__What this task involves__
Using the records below, repeat exactly the lines from the one holding "L'escultura del conill" through the one holding "ジェイシーファニチャー Jaycee Furniture", both ends included, and no others.

[Stored items]
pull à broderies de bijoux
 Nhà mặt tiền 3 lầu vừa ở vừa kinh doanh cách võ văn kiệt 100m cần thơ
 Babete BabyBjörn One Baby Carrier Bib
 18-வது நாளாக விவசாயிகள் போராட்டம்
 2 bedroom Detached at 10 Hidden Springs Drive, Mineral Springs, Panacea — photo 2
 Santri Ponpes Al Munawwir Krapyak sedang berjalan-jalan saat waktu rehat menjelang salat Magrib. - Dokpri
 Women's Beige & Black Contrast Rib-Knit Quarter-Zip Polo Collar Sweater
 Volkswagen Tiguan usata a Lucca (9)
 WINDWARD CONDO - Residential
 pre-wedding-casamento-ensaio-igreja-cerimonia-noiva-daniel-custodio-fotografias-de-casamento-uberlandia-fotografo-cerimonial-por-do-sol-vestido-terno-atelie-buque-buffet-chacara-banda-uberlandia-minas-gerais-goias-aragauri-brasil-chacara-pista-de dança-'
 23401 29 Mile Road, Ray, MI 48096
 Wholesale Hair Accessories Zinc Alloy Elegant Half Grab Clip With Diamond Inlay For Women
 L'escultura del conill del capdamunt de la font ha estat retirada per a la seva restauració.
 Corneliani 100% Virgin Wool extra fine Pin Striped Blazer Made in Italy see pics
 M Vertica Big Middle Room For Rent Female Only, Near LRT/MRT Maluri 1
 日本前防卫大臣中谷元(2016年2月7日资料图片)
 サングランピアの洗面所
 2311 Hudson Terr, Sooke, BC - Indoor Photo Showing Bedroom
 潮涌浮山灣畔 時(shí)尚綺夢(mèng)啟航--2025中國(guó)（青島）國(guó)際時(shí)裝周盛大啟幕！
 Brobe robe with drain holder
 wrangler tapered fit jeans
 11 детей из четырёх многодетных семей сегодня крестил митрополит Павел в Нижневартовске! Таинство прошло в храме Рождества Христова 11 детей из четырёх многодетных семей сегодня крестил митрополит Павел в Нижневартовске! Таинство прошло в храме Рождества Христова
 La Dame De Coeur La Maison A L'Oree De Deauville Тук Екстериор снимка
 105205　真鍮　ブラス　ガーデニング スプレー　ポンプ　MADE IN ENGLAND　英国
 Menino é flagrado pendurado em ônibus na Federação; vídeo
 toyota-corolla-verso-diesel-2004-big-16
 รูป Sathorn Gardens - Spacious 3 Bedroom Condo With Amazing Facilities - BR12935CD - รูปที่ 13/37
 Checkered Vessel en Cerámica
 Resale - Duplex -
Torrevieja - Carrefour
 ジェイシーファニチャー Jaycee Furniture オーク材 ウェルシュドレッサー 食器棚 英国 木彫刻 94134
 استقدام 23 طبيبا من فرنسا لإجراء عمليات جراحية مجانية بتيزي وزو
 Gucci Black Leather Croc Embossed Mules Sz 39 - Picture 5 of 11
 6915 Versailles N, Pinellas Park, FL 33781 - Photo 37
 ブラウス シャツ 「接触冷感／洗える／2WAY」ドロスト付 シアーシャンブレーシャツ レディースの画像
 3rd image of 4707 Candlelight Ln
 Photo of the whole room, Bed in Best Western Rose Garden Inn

__Answer to this exercise__
 L'escultura del conill del capdamunt de la font ha estat retirada per a la seva restauració.
 Corneliani 100% Virgin Wool extra fine Pin Striped Blazer Made in Italy see pics
 M Vertica Big Middle Room For Rent Female Only, Near LRT/MRT Maluri 1
 日本前防卫大臣中谷元(2016年2月7日资料图片)
 サングランピアの洗面所
 2311 Hudson Terr, Sooke, BC - Indoor Photo Showing Bedroom
 潮涌浮山灣畔 時(shí)尚綺夢(mèng)啟航--2025中國(guó)（青島）國(guó)際時(shí)裝周盛大啟幕！
 Brobe robe with drain holder
 wrangler tapered fit jeans
 11 детей из четырёх многодетных семей сегодня крестил митрополит Павел в Нижневартовске! Таинство прошло в храме Рождества Христова 11 детей из четырёх многодетных семей сегодня крестил митрополит Павел в Нижневартовске! Таинство прошло в храме Рождества Христова
 La Dame De Coeur La Maison A L'Oree De Deauville Тук Екстериор снимка
 105205　真鍮　ブラス　ガーデニング スプレー　ポンプ　MADE IN ENGLAND　英国
 Menino é flagrado pendurado em ônibus na Federação; vídeo
 toyota-corolla-verso-diesel-2004-big-16
 รูป Sathorn Gardens - Spacious 3 Bedroom Condo With Amazing Facilities - BR12935CD - รูปที่ 13/37
 Checkered Vessel en Cerámica
 Resale - Duplex -
Torrevieja - Carrefour
 ジェイシーファニチャー Jaycee Furniture オーク材 ウェルシュドレッサー 食器棚 英国 木彫刻 94134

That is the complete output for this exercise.